World Trade Organization Agreement Implementation ActGovernment Orders

4:55 p.m.

NDP

Vic Althouse NDP Mackenzie, SK

Mr. Speaker, the hon. member gave us a nice theoretical review of what would be nice if everybody agreed with the same kind of rules. We are debating though this world trade office which is international. It is not something we can control within the confines of one country.

As an aside I would point out that this country has had provinces ever since its inception and those provinces have certain powers which the hon. member has chosen in his theoretical discussion to ignore. They have control over production within the province which is why the marketing boards operate the way they do.

However my question concerns the international aspects of the bill. I would urge the member to turn his mind to our relations vis-à-vis other countries, particularly as they apply to assistance to agriculture since that was the main theme of his speech.

Since the negotiations began in 1986 I note that all countries made a verbal undertaking to start reducing subsidies and assistance to agriculture. I note that in the OECD countries he mentioned the aid to the agricultural sector has actually increased by 7 per cent in the past year over previous years. The trend is definitely not reducing assistance to farmers in OECD countries, with the exception of Canada which shows a decline of 12 per cent in the last year over the previous year in assistance to agriculture.

We hear a lot of talk about level playing fields. As a former hockey referee, Mr. Speaker, I know you understand the importance of having the two teams relatively well matched in terms of equipment and so on. It seems to me that what we have achieved to date with the verbal agreements is perhaps a field that will be more level than it was. However players on the Canadian team have hardly any equipment and players on the other teams we are competing against are very heavily padded and ready to go with the full support of their fans, their local national governments.

I read the documentation our country put together. I got it under freedom of information because it was not made available otherwise. I find it is the intention of the country under the Liberal government, and apparently supported by the Reform Party and others, to reduce the assistance to agriculture at an even faster pace than we have done to this point in time, even though the other countries are still a long way from catching up and taking off their special protections.

It is to the point that by the end of the decade when the six-year implementation stage comes and we start on the seventh, which is supposed to be the achievement of the new world order, Canada will be paying its agricultural sector $1.5 billion less than the agreement requires. We will be nice and squeaky clean. We will be out there playing hockey in our civvies while everybody else will have the same level of support they have now, with perhaps a few minor reductions.

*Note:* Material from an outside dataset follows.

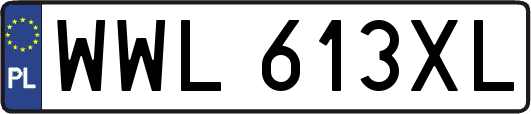 WWL613XL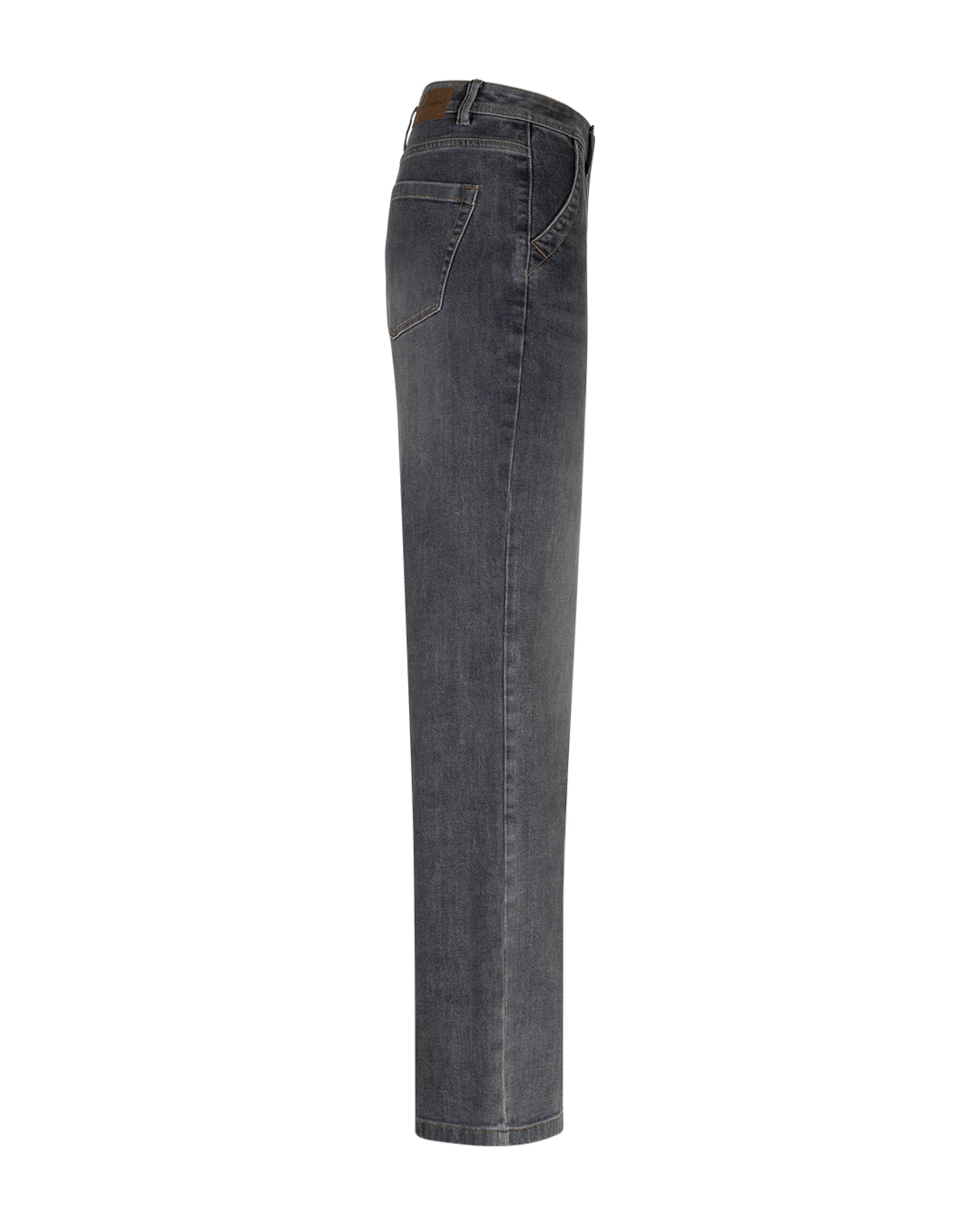 Colette Grey Denim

I am wondering how he could describe that as fair or something he would advocate in terms of our relations with all other countries. How could this approach be something that he would support?

Mr. Hermanson: Mr. Speaker, I appreciate the comments of the hon. member for Mackenzie. I know he has a sincere interest in agriculture and a strong commitment to the industry.

He spoke just in passing about marketing boards and the fact that the provinces have been given some jurisdictional powers in that area. The actual act is a federal act and there have been some real discrepancies as a result of it.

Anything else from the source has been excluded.